Saturday, June 9, 2012

Heirlooms

Oy, it's been busy around here these days!  
I'm not a fan of these segments where you feel like you just can't catch up.  Which is probably silly to write because nobody is, am I right?  I've been meaning to record this for a few weeks but just have not had the chance.  A few weekends ago my mom and her siblings did the last of the sorting, cleaning, and emptying of my grandpa's house.  The house sold quickly which was bittersweet and it's now empty.  But it still smells the same.  I may have to get over there one last time before the closing just to smell it (is that weird?).  They had a great system and all of the grandchildren were invited to come and label things that they would be interested in keeping, whether practical or sentimental.  The rest was packed up to be donated.  

I love having pieces of the past and my history in my home.  Even the silly things.  Like spatulas and candles.  It means something to me.  In fact, sometimes those things are even better because they are used more and you are reminded more often of the loved one who passed it along to you.  And you can pray for them and ask them to pray for you.  I think maybe it's supposed to be that way.

My boys each got to choose something that would remind them of Great Grandpa.  I love that each one of them chose something that suited them perfectly.


David made a beeline for this little rake when he saw it sitting in the garage.  Why Grandpa had a miniature rake, I have no idea but it has already been put to much use raking hay for the garden.


 John Paul went home with a box of tools and trinkets also found in the garage.  Lots of old nails, an old screwdriver, a hammer, and the like.  He has big plans for building and I'm sure Grandpa would get a kick out of whatever he creates.  (P.S.  Don't you love when I make sure to copyright photos that no one in their right mind would ever want to steal?  Delusions of grandeur, maybe?)


And Michael?  Picked these from the Christmas box.  Because they're golden.  


And I picked this plane out for Luke.  You know when you're a proud pilot, you get lots of plane-themed gifts.  I think this was supposed to be a Christmas ornament but Luke's been having a ball sucking on playing with it.

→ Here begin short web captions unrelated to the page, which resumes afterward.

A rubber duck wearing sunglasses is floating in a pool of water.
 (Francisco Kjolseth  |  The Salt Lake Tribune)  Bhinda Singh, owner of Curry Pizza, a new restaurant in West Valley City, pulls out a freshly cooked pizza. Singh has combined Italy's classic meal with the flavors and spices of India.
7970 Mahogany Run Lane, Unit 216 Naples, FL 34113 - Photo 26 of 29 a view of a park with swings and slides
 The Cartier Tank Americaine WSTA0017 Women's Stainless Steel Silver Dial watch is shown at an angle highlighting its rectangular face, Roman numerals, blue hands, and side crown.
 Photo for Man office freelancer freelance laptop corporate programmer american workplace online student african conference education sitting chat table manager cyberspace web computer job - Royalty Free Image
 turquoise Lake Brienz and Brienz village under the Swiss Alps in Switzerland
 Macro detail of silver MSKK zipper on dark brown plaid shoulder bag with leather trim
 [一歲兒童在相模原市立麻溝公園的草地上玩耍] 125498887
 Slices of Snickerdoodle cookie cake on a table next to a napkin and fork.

No one else seemed to want most of the table linens, some candlesticks, a pair of chairs, and a bunch of other random things I took home (you never know when you will need a vintage meat grinder/salad shooter.  Seriously, I will probably use this thing.  It's awesome.  And a bit scary.)  I've never been shy about getting most of our things secondhand and I think it is so much cooler when it is from someone you love.    I did also get this:


awesome shell plane.  And these:


stunning shell flowers.  Shut up.  They are beautiful.  And you know why they are beautiful?  Because I made them in eighth grade for my Grandpa and Grandma when I took my first ever vacation to the ocean with a friend.  And I was so proud to give them.  How cool that they saved these hideous things simply because they were given to them by their granddaughter (or likely because they were stuffed into a drawer and forgotten about until such times as these.  But still.)  It was neat to find them in the house.  Heirlooms.  I'm sure my boys will be fighting over them some day.